In Hardy’s novel, Tess murders her attacker, the cause of her ruin, right at the end. But there is no possibility of redemption within the confines of the novel or the 19th century legal system. She has no protection of class or wealth or gender. But Hardy’s subtitle, A Pure Woman, challenges the very notion of victim blaming. He offers his own judgement of the social and legal trials that condemn Tess.

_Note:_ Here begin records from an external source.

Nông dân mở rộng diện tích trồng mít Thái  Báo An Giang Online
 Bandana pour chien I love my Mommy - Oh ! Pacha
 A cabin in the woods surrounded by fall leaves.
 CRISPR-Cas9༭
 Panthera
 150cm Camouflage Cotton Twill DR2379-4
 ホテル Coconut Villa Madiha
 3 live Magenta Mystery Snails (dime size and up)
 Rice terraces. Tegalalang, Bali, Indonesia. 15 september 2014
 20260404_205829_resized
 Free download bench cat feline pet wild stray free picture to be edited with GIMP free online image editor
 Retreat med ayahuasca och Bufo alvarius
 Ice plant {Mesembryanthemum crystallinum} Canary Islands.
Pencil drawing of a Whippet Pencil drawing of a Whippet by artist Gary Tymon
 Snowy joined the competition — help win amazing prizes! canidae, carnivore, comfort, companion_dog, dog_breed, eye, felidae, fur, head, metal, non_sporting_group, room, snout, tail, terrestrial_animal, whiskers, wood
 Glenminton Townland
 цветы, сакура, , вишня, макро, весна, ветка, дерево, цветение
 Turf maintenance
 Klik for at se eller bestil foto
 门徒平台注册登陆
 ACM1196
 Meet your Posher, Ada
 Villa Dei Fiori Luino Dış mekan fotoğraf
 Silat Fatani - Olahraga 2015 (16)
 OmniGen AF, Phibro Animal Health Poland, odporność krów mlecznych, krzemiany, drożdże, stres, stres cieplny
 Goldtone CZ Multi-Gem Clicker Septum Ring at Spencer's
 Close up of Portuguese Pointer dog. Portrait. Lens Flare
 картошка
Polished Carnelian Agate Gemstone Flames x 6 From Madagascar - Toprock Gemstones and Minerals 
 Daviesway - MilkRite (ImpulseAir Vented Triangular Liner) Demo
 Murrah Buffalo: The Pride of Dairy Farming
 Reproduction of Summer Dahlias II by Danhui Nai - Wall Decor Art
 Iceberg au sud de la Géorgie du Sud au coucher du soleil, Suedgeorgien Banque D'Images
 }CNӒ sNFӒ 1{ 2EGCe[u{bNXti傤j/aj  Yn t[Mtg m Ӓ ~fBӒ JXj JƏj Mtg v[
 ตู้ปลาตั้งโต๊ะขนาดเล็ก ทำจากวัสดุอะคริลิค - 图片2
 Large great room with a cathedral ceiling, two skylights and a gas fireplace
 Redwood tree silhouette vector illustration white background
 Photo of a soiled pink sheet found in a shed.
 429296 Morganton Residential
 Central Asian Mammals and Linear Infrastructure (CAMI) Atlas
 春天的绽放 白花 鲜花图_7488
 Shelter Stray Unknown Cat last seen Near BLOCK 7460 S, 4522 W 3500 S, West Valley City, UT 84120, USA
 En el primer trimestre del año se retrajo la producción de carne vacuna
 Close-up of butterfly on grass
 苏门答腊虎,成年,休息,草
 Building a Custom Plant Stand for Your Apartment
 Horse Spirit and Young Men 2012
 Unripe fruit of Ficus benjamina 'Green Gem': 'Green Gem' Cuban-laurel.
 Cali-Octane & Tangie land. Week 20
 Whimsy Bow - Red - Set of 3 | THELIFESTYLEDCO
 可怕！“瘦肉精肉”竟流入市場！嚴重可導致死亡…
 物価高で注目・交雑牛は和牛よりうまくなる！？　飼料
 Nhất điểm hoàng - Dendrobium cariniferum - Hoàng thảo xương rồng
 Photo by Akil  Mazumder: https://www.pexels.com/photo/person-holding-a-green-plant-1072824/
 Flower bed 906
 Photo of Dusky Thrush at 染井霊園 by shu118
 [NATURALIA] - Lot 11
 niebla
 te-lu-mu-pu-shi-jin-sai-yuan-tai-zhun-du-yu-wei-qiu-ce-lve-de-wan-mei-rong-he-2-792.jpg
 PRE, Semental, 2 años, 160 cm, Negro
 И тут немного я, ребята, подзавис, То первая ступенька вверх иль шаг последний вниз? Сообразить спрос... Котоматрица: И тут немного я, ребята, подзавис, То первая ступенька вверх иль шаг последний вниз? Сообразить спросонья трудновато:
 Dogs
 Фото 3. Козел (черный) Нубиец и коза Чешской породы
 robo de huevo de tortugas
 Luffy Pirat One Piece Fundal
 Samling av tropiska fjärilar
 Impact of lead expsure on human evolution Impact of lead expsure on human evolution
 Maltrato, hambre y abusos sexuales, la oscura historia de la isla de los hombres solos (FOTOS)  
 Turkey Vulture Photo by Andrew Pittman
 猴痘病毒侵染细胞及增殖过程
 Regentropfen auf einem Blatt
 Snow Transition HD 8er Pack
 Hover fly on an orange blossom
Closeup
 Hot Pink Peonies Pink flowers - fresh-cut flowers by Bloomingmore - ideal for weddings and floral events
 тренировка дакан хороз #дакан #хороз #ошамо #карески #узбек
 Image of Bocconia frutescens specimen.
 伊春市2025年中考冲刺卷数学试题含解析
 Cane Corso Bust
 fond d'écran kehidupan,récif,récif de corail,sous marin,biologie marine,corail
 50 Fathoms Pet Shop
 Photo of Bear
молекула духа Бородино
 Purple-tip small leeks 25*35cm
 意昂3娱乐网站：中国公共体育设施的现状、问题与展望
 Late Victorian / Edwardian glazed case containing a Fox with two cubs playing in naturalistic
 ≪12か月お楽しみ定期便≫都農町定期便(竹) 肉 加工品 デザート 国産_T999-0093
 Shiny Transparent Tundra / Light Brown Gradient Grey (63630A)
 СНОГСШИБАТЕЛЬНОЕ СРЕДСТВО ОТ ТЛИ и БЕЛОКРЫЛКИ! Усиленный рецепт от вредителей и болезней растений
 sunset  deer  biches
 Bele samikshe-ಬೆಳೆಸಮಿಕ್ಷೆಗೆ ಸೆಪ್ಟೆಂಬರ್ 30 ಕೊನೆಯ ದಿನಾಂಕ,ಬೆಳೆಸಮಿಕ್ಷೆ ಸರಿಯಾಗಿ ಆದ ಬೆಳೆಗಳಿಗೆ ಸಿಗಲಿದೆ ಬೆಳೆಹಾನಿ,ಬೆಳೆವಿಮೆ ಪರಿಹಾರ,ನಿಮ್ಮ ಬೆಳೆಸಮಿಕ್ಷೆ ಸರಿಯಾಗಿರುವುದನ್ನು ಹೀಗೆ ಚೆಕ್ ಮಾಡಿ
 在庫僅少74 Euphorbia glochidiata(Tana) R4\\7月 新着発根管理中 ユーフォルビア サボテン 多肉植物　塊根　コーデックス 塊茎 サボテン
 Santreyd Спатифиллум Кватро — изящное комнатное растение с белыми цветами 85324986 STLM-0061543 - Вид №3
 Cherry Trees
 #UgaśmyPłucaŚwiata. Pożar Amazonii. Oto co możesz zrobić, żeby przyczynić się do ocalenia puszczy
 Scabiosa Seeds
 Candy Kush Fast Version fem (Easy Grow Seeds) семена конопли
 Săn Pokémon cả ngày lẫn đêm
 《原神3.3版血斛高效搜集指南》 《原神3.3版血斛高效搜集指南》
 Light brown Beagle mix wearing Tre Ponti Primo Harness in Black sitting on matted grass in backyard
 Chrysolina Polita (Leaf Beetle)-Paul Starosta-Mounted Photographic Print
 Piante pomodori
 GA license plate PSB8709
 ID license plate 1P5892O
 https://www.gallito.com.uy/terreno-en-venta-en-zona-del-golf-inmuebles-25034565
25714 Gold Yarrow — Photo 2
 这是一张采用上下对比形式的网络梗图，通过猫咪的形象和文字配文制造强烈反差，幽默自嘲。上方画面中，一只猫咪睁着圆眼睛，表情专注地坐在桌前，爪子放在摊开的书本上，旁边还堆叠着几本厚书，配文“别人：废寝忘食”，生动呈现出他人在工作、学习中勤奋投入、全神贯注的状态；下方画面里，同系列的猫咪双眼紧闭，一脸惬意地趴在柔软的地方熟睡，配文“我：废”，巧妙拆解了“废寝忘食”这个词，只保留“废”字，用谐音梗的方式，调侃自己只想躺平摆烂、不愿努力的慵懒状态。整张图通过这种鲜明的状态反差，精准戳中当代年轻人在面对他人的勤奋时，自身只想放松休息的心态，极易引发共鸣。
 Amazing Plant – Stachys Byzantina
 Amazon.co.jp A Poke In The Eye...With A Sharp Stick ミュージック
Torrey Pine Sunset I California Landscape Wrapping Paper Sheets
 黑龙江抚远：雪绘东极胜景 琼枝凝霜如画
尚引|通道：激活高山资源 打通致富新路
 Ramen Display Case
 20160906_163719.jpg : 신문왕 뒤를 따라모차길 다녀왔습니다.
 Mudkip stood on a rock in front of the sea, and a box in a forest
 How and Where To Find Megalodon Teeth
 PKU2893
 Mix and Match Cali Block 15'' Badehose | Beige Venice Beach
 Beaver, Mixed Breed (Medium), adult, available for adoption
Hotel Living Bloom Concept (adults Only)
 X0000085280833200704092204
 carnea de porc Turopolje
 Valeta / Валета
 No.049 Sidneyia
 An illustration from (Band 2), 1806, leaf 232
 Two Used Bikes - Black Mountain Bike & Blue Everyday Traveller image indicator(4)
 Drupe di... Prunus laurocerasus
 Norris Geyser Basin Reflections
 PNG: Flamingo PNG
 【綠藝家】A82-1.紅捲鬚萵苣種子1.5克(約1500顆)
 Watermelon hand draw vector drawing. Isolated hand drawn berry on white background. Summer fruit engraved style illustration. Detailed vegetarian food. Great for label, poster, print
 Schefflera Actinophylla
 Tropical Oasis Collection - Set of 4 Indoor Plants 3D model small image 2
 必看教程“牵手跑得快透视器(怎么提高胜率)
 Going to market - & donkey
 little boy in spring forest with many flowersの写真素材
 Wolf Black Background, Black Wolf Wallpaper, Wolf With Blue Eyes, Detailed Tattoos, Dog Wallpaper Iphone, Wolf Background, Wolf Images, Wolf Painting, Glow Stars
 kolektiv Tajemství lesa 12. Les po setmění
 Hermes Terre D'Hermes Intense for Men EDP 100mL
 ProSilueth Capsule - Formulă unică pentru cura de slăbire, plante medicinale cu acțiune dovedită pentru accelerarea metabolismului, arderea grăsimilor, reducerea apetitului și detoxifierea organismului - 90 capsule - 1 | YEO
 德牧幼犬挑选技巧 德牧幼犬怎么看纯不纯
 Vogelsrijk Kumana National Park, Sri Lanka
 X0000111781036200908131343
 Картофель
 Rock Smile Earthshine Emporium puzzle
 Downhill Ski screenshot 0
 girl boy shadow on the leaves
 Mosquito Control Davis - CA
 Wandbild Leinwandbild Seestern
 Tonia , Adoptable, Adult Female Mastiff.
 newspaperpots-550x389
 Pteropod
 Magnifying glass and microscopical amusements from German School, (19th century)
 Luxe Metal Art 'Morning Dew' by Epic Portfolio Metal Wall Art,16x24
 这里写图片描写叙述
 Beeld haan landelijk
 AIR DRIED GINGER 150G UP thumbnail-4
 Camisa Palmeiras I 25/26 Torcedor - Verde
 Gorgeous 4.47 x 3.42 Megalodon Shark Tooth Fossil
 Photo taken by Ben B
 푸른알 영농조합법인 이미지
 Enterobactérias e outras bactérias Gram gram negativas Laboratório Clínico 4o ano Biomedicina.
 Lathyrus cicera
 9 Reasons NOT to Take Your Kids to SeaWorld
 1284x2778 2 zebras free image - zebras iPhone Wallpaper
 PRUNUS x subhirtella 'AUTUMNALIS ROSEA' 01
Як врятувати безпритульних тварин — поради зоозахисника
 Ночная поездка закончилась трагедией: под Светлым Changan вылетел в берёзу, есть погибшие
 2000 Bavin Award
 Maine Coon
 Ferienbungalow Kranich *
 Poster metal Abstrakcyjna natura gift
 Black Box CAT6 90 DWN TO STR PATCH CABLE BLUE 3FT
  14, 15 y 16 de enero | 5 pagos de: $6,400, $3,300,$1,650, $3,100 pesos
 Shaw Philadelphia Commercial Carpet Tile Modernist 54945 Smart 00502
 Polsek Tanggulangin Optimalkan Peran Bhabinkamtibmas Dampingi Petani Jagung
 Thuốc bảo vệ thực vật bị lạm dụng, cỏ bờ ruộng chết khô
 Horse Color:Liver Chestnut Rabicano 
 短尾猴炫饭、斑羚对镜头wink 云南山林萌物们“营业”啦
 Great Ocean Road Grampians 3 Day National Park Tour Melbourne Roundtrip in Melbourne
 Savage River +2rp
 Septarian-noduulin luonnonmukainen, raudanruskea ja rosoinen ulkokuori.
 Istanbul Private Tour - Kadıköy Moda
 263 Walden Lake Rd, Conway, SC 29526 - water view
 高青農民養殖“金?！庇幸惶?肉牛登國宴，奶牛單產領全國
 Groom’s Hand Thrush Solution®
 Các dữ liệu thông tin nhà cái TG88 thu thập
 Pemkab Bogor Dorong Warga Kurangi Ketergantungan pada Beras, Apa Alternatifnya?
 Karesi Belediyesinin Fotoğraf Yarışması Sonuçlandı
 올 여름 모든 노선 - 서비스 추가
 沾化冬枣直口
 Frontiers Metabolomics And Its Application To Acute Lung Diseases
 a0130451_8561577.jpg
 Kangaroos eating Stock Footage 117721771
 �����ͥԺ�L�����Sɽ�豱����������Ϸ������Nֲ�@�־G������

The novels have very different endings, indicating a degree of progress in law and society. But the prejudice that silences Tess still echoes in Doughty’s novel. And this is why storylines like that seen in The Archers, Broadchurch and the Cormoran Strike mysteries matter: they show empowering and sensitive portrayals of victims of assault and abuse, and the possibility of justice. The similarities between Tess of the D’Urbervilles and Apple Tree Yard demonstrate the significance of why we tell stories, and the differences between them demonstrate the significance of how we tell stories.
Regardless of context and form, the cases of Brett Kavanaugh and Philip Green show that these are stories we still urgently need to tell and urgently need to hear. Hardy and Doughty both point to the dangerous culture of victim blaming. Kavanaugh and Green are part of a particularly terrifying trend, not just of victim blaming but also of silencing, removing the possibility of voice or justice. If victims don’t have the right to speak out and be taken seriously, then very little has changed since Hardy’s denunciation of 19th century hypocrisy – and justice is simply the stuff of fiction.